▸ Data for this task:
== Segment start ==
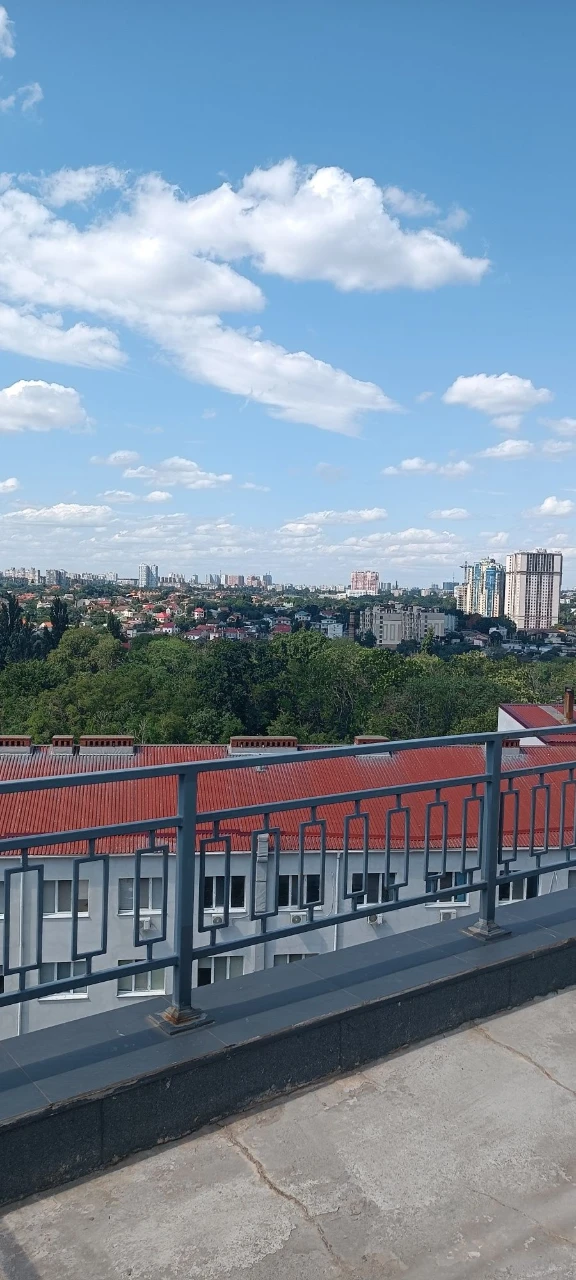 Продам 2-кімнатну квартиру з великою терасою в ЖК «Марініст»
== Segment end ==
== Segment start ==
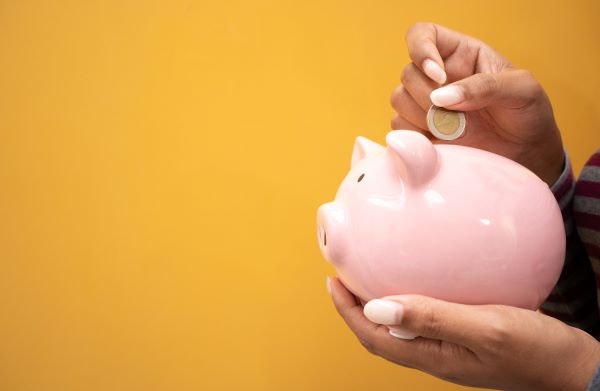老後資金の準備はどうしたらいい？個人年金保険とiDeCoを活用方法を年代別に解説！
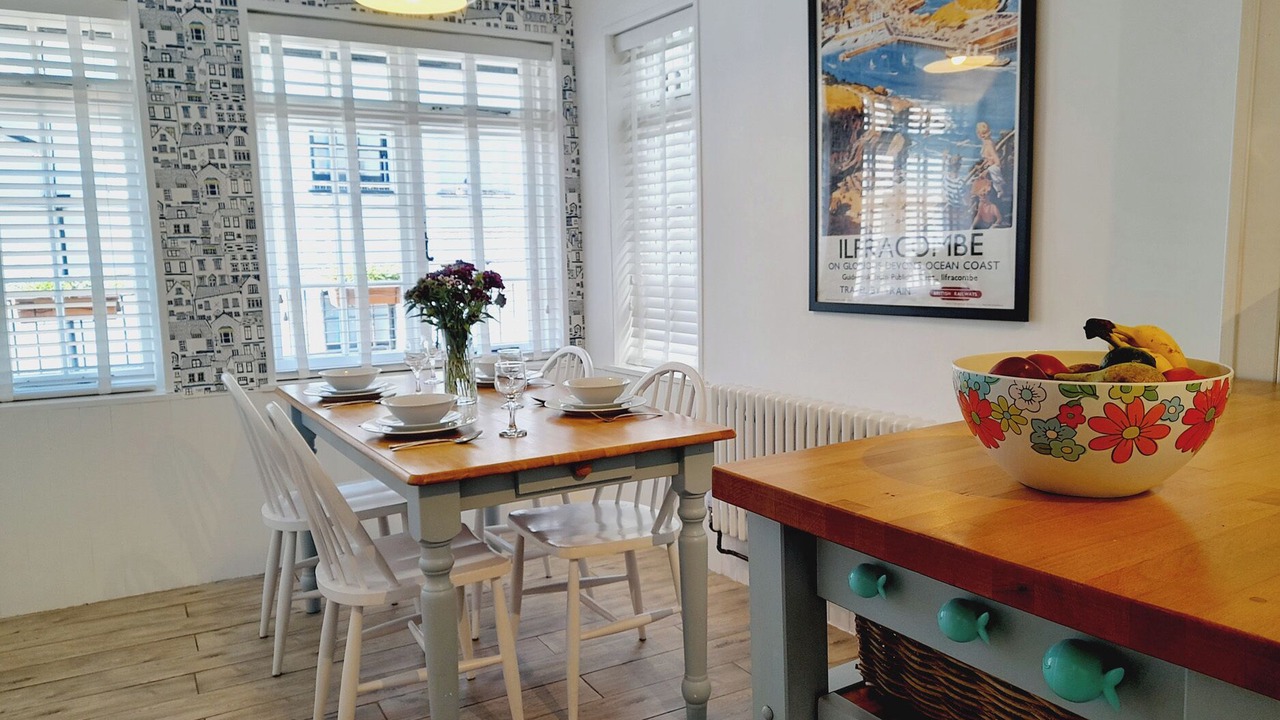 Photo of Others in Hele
== Segment end ==
▸ Work instruction:
Pictures excluded, transcribe the listing above exactly from the line with "老後資金の準備はどうしたらい" through the line with "Photo of Others in Hele", and no further.

▸ Exercise output:
老後資金の準備はどうしたらいい？個人年金保険とiDeCoを活用方法を年代別に解説！
 Photo of Others in Hele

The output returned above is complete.